One of the finest antique baseball photos for sale that we have ever seen.
Owings Mills, MD (PRWEB) October 14, 2013
A very rare baseball panoramic photo in mint condition from 1914 is currently up for auction at Robert Edward Auctions until October 19th. This unique piece is an exceptional original photograph of baseball history.
The photograph (35.5 x 9.25 inches) remains in remarkable condition given its age and fragile nature. The photo is in Near Mint condition and is easily the finest example of this great rarity which is not often seen with these historic auctions. A recent and comprable photo sold at auction sold for $10,575. The photo is housed in what appears to be its original wood frame, which measures 38.5 x 12 inches.
This exceedingly rare panoramic photograph captures the action from the first game in Federal League history, played between the Baltimore Terrapins and Buffalo Feds at Terrapin Park in Baltimore on April 13, 1914. Its rarity (we are only aware of two other examples) and historical significance aside, this piece is also one of the finest game-in-progress panoramas we have ever seen.
About the Federal League:
The Federal League was formed in 1914 as a Major League rival to the American and National Leagues. Despite its success in signing many of the game's top stars, the League only lasted two seasons, thus making this photo not only an extraordinary artistic achievement, but an extremely significant historical piece as well. Probably by design, this game was the first Major League game of the season, thus ensuring that for at least one day the Federal League would hold center stage in the baseball world.
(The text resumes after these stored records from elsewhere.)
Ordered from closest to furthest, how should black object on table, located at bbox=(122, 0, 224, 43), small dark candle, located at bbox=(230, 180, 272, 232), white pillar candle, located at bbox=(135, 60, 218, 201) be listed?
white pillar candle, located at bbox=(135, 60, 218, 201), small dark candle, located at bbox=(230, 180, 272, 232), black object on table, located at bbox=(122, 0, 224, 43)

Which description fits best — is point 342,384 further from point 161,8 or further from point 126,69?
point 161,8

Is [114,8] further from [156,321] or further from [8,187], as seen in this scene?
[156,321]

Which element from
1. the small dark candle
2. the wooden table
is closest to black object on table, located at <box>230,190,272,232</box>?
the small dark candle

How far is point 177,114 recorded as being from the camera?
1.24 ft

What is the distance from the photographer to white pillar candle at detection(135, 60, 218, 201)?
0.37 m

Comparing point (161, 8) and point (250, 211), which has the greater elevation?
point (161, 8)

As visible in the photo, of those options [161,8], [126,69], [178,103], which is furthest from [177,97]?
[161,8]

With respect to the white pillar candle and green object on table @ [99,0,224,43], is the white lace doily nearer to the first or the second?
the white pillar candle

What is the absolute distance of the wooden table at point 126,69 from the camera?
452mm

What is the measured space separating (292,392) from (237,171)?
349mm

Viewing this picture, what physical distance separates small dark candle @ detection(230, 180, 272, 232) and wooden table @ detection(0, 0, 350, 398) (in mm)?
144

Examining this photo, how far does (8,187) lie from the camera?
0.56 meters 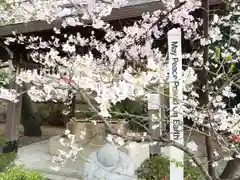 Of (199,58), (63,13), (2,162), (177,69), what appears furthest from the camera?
(2,162)

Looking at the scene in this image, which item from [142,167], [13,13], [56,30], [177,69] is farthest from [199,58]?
[13,13]

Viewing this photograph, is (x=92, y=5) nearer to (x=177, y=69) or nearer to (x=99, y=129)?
(x=177, y=69)

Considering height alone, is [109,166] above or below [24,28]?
below

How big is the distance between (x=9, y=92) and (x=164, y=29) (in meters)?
3.00

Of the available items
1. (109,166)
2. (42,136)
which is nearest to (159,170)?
(109,166)

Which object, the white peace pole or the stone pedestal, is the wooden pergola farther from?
the stone pedestal

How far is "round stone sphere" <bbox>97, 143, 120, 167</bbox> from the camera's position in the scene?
13.1ft

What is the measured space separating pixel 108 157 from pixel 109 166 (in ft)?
0.39

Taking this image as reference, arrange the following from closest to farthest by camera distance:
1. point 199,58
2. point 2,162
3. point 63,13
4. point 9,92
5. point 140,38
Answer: point 199,58 < point 140,38 < point 63,13 < point 2,162 < point 9,92

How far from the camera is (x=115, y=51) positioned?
3.83 m

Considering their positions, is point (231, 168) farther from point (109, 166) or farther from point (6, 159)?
point (6, 159)

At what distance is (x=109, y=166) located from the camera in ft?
13.1

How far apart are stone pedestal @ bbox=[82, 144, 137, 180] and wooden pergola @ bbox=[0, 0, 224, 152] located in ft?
5.84

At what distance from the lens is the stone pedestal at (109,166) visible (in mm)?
3936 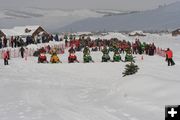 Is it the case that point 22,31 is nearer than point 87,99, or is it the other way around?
point 87,99

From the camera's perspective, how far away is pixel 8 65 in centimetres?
2883

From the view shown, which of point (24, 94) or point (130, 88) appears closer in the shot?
point (130, 88)

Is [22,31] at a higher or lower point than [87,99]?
higher

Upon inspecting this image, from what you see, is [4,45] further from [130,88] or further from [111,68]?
[130,88]

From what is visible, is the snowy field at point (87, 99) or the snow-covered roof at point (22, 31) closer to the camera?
the snowy field at point (87, 99)

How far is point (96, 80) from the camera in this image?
22094 millimetres

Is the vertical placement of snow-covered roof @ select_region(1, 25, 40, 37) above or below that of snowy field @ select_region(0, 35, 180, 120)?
above

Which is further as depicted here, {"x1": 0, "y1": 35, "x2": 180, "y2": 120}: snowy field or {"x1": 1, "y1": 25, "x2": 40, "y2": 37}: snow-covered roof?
{"x1": 1, "y1": 25, "x2": 40, "y2": 37}: snow-covered roof

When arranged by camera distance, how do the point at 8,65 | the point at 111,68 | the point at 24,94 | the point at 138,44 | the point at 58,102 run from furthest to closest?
1. the point at 138,44
2. the point at 8,65
3. the point at 111,68
4. the point at 24,94
5. the point at 58,102

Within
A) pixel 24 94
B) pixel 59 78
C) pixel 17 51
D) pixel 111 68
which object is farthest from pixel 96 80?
pixel 17 51

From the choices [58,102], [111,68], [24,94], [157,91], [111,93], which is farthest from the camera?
[111,68]

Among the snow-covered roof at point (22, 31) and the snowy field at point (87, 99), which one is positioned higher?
the snow-covered roof at point (22, 31)

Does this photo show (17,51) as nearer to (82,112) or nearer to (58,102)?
(58,102)

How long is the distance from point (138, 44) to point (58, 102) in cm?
2458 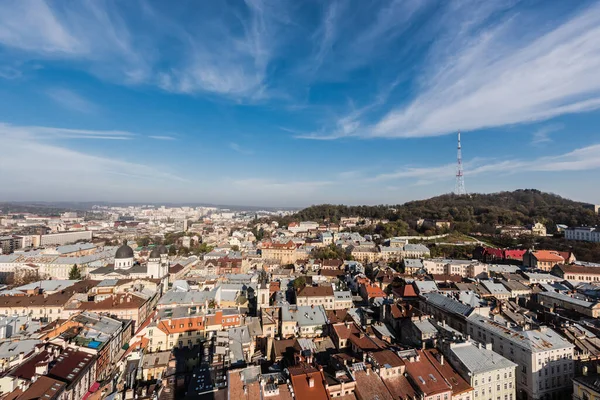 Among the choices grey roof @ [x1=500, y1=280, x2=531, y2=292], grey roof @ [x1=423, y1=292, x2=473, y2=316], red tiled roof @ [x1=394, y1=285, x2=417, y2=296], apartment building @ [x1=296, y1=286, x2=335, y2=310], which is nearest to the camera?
grey roof @ [x1=423, y1=292, x2=473, y2=316]

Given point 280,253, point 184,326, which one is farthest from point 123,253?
point 184,326

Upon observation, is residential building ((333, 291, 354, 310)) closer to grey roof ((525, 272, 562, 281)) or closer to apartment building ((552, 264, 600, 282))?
grey roof ((525, 272, 562, 281))

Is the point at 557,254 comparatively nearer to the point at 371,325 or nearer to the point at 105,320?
the point at 371,325

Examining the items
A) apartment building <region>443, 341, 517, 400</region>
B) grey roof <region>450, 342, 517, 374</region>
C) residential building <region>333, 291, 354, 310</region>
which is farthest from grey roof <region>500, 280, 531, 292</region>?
grey roof <region>450, 342, 517, 374</region>

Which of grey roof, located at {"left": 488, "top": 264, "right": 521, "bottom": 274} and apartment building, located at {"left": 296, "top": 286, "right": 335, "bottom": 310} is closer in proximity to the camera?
apartment building, located at {"left": 296, "top": 286, "right": 335, "bottom": 310}

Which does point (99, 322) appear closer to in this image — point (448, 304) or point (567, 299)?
point (448, 304)

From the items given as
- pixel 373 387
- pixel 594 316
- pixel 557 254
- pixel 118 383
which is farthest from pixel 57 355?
pixel 557 254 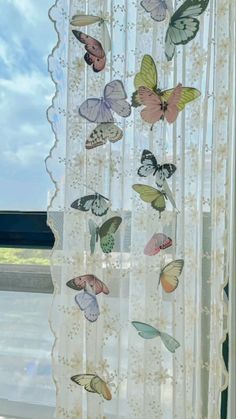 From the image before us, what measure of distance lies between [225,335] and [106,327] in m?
0.22

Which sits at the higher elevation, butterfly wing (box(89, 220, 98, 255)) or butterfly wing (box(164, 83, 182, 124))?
butterfly wing (box(164, 83, 182, 124))

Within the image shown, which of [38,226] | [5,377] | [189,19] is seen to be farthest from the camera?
[5,377]

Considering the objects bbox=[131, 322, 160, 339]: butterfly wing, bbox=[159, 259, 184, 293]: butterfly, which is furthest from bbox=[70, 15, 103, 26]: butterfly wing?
bbox=[131, 322, 160, 339]: butterfly wing

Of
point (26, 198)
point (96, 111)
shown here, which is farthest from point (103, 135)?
point (26, 198)

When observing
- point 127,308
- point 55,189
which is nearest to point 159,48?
point 55,189

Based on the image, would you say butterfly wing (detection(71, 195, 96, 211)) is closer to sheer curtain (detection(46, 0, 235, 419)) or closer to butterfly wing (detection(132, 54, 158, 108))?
sheer curtain (detection(46, 0, 235, 419))

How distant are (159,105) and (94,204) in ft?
0.72

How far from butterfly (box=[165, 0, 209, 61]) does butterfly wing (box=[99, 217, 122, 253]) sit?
1.13 ft

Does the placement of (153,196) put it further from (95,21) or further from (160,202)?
(95,21)

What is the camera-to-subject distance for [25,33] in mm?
1049

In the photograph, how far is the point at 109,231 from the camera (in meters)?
0.80

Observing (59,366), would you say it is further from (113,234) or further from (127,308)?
(113,234)

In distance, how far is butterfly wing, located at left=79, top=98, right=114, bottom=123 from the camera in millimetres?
798

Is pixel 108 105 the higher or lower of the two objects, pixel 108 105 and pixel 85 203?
the higher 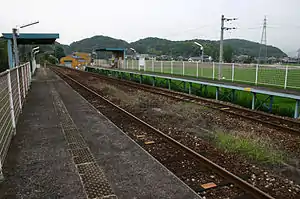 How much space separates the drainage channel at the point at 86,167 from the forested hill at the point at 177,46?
160 ft

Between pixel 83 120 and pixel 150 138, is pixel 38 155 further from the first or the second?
pixel 83 120

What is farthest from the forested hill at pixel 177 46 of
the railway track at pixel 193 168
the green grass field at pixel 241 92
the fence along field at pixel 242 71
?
the railway track at pixel 193 168

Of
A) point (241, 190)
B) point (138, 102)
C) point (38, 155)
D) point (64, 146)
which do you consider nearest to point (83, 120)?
point (64, 146)

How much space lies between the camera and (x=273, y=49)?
315 feet

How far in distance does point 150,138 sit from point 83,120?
9.20 feet

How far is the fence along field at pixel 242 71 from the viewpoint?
45.2ft

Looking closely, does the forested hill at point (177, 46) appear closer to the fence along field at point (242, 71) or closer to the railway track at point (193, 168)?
the fence along field at point (242, 71)

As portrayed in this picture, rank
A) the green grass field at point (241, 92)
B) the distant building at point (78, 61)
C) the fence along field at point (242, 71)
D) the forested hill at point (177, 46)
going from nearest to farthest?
the green grass field at point (241, 92) → the fence along field at point (242, 71) → the forested hill at point (177, 46) → the distant building at point (78, 61)

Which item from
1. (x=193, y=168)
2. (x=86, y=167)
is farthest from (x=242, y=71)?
(x=86, y=167)

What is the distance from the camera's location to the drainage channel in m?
3.95

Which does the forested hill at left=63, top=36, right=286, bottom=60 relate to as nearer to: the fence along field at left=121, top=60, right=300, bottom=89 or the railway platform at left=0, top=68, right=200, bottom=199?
the fence along field at left=121, top=60, right=300, bottom=89

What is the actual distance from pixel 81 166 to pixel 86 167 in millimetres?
111

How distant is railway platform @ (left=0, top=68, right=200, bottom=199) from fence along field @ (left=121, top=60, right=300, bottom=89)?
10.3 metres

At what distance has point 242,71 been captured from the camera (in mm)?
18078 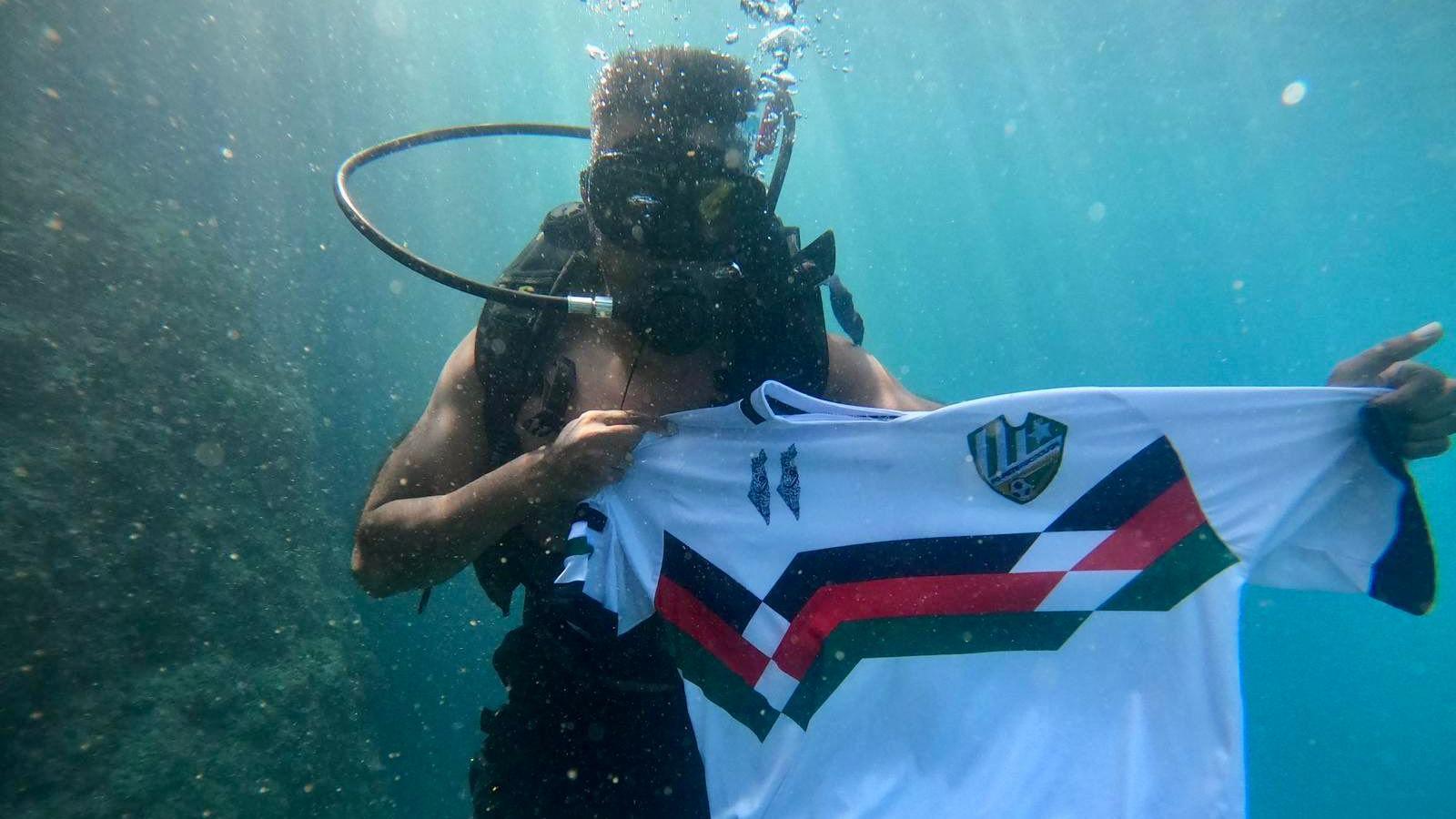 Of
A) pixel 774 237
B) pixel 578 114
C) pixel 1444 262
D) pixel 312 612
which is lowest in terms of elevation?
pixel 1444 262

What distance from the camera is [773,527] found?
2.17 meters

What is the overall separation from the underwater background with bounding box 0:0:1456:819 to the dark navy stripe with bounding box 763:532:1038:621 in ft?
26.0

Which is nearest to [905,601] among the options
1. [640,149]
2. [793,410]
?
[793,410]

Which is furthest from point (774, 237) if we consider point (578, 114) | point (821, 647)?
point (578, 114)

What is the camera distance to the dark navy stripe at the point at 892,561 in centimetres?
206

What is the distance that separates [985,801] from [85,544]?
883cm

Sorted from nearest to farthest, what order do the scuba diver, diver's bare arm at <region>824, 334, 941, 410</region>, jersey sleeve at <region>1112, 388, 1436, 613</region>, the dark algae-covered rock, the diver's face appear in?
jersey sleeve at <region>1112, 388, 1436, 613</region>, the scuba diver, the diver's face, diver's bare arm at <region>824, 334, 941, 410</region>, the dark algae-covered rock

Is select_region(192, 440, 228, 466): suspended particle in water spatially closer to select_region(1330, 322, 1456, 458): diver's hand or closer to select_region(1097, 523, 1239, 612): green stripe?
select_region(1097, 523, 1239, 612): green stripe

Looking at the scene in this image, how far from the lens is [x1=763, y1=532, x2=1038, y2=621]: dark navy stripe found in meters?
2.06

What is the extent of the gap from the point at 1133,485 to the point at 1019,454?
0.33 metres

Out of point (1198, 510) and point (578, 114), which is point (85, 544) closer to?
point (1198, 510)

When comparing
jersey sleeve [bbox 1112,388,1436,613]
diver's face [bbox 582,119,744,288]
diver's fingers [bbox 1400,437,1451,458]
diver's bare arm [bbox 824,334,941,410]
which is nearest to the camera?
diver's fingers [bbox 1400,437,1451,458]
Any and all materials relating to the short-lived Federal League are exceedingly rare, especially photographic images of this scale. This photo is simply spectacular on all levels. Collectors today would expect to find such a piece only in either the Baseball Hall of Fame or in one of the country's premier private collections. Remarkably, it is also new to the hobby. According to our consignor, who lives in Maryland and who inherited the piece from her father over thirty-five years ago, the panorama has been in her family's possession as long as she can remember.